**Source material:**

⟨

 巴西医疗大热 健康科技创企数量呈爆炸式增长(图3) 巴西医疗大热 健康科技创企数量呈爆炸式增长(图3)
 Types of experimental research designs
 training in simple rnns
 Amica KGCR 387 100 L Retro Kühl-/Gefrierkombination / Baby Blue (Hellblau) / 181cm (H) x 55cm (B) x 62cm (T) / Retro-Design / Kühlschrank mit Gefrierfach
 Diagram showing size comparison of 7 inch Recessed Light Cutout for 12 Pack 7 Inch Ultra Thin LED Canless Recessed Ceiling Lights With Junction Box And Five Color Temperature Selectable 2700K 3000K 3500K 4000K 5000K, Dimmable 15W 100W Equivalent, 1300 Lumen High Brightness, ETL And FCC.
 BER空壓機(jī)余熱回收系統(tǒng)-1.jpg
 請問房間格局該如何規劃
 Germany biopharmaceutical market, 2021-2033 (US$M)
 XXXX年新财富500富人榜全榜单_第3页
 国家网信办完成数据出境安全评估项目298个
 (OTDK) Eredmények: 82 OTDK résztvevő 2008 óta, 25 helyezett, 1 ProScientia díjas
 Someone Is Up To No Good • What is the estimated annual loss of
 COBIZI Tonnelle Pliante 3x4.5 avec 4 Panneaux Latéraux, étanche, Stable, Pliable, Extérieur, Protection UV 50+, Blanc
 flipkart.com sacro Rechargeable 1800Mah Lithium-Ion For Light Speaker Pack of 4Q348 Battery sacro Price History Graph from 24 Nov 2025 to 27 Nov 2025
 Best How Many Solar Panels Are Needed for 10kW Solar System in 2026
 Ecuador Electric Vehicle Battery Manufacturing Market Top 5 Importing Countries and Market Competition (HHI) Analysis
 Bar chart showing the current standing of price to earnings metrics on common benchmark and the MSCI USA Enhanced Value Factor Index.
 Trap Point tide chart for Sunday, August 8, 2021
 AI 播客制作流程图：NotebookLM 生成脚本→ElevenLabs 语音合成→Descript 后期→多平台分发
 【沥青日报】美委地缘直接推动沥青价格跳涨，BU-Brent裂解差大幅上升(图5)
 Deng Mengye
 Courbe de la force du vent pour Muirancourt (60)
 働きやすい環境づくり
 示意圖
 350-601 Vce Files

⟩

**Work to be completed:**
All lines in the records that contain "showing" are to be copied and returned.

**Solution for this problem:**
 Diagram showing size comparison of 7 inch Recessed Light Cutout for 12 Pack 7 Inch Ultra Thin LED Canless Recessed Ceiling Lights With Junction Box And Five Color Temperature Selectable 2700K 3000K 3500K 4000K 5000K, Dimmable 15W 100W Equivalent, 1300 Lumen High Brightness, ETL And FCC.
 Bar chart showing the current standing of price to earnings metrics on common benchmark and the MSCI USA Enhanced Value Factor Index.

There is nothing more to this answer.